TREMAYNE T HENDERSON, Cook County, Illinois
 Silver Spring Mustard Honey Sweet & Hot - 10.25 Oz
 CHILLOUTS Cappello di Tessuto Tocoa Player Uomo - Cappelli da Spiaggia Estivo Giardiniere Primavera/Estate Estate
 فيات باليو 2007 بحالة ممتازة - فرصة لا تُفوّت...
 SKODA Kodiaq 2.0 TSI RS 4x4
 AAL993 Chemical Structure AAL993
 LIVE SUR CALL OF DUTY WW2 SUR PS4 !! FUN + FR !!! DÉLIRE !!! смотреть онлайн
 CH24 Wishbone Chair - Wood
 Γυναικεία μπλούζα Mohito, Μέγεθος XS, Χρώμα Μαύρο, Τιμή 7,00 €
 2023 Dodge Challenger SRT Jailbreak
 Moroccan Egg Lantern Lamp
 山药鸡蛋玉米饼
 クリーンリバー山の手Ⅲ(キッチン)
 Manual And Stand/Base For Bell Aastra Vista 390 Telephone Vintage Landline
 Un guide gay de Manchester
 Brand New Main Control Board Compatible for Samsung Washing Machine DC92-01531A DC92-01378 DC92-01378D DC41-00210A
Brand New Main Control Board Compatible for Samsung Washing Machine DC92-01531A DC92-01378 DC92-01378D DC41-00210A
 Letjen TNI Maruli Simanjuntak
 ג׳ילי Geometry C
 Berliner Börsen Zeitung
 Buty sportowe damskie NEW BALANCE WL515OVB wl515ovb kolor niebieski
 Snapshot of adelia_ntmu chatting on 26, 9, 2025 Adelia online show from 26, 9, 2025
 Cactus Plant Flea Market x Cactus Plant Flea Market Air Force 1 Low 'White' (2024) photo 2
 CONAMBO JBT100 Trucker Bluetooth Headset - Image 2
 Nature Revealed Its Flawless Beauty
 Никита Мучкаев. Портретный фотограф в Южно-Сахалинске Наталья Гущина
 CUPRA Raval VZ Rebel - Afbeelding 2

-=-=-

- **WHAT YOU ARE ASKED TO DO**
Copying should begin at the line containing "Silver Spring Mustard" and end at the last line of the material, with every line in between reproduced exactly.

- **RESULT**
 Silver Spring Mustard Honey Sweet & Hot - 10.25 Oz
 CHILLOUTS Cappello di Tessuto Tocoa Player Uomo - Cappelli da Spiaggia Estivo Giardiniere Primavera/Estate Estate
 فيات باليو 2007 بحالة ممتازة - فرصة لا تُفوّت...
 SKODA Kodiaq 2.0 TSI RS 4x4
 AAL993 Chemical Structure AAL993
 LIVE SUR CALL OF DUTY WW2 SUR PS4 !! FUN + FR !!! DÉLIRE !!! смотреть онлайн
 CH24 Wishbone Chair - Wood
 Γυναικεία μπλούζα Mohito, Μέγεθος XS, Χρώμα Μαύρο, Τιμή 7,00 €
 2023 Dodge Challenger SRT Jailbreak
 Moroccan Egg Lantern Lamp
 山药鸡蛋玉米饼
 クリーンリバー山の手Ⅲ(キッチン)
 Manual And Stand/Base For Bell Aastra Vista 390 Telephone Vintage Landline
 Un guide gay de Manchester
 Brand New Main Control Board Compatible for Samsung Washing Machine DC92-01531A DC92-01378 DC92-01378D DC41-00210A
Brand New Main Control Board Compatible for Samsung Washing Machine DC92-01531A DC92-01378 DC92-01378D DC41-00210A
 Letjen TNI Maruli Simanjuntak
 ג׳ילי Geometry C
 Berliner Börsen Zeitung
 Buty sportowe damskie NEW BALANCE WL515OVB wl515ovb kolor niebieski
 Snapshot of adelia_ntmu chatting on 26, 9, 2025 Adelia online show from 26, 9, 2025
 Cactus Plant Flea Market x Cactus Plant Flea Market Air Force 1 Low 'White' (2024) photo 2
 CONAMBO JBT100 Trucker Bluetooth Headset - Image 2
 Nature Revealed Its Flawless Beauty
 Никита Мучкаев. Портретный фотограф в Южно-Сахалинске Наталья Гущина
 CUPRA Raval VZ Rebel - Afbeelding 2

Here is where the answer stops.